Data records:
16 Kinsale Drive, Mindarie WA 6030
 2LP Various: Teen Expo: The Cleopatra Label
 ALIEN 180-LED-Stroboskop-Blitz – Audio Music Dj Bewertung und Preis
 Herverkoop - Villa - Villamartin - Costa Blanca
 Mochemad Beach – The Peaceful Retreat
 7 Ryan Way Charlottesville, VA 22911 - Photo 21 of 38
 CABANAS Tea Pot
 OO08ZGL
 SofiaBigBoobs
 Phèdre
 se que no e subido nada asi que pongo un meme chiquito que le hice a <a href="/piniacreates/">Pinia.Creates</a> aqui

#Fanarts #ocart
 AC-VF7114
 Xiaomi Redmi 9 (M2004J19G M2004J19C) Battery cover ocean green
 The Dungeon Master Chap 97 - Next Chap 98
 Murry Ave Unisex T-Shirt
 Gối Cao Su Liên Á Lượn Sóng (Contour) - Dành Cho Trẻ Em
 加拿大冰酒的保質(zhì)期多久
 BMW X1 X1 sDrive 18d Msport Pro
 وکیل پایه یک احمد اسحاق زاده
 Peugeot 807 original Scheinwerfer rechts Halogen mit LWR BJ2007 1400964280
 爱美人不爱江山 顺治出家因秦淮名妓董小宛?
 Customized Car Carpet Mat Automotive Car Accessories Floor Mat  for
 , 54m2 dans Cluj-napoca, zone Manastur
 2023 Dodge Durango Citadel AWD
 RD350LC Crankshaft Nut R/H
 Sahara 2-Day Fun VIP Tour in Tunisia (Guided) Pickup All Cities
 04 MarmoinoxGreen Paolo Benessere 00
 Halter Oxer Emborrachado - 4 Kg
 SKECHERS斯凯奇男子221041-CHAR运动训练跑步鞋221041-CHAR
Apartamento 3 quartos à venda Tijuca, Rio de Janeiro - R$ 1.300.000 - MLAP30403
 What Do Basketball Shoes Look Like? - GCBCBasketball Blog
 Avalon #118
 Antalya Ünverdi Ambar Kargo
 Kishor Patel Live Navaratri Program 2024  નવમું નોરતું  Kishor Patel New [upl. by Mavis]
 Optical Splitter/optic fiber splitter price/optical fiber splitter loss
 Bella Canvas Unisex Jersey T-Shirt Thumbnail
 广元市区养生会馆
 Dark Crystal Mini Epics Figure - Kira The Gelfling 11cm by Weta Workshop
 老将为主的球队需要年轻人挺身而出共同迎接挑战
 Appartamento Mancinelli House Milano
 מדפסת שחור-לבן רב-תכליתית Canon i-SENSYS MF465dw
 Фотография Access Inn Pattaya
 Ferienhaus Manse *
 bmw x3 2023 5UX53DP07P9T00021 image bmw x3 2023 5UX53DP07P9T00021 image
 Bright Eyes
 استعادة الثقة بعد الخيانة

TASK INSTRUCTIONS: Write out exactly the lines between the start of the entries and the line containing "爱美人不爱江山 顺治出家因秦淮名妓董小宛?", including that line and the first one.

EXPECTED ANSWER:
16 Kinsale Drive, Mindarie WA 6030
 2LP Various: Teen Expo: The Cleopatra Label
 ALIEN 180-LED-Stroboskop-Blitz – Audio Music Dj Bewertung und Preis
 Herverkoop - Villa - Villamartin - Costa Blanca
 Mochemad Beach – The Peaceful Retreat
 7 Ryan Way Charlottesville, VA 22911 - Photo 21 of 38
 CABANAS Tea Pot
 OO08ZGL
 SofiaBigBoobs
 Phèdre
 se que no e subido nada asi que pongo un meme chiquito que le hice a <a href="/piniacreates/">Pinia.Creates</a> aqui

#Fanarts #ocart
 AC-VF7114
 Xiaomi Redmi 9 (M2004J19G M2004J19C) Battery cover ocean green
 The Dungeon Master Chap 97 - Next Chap 98
 Murry Ave Unisex T-Shirt
 Gối Cao Su Liên Á Lượn Sóng (Contour) - Dành Cho Trẻ Em
 加拿大冰酒的保質(zhì)期多久
 BMW X1 X1 sDrive 18d Msport Pro
 وکیل پایه یک احمد اسحاق زاده
 Peugeot 807 original Scheinwerfer rechts Halogen mit LWR BJ2007 1400964280
 爱美人不爱江山 顺治出家因秦淮名妓董小宛?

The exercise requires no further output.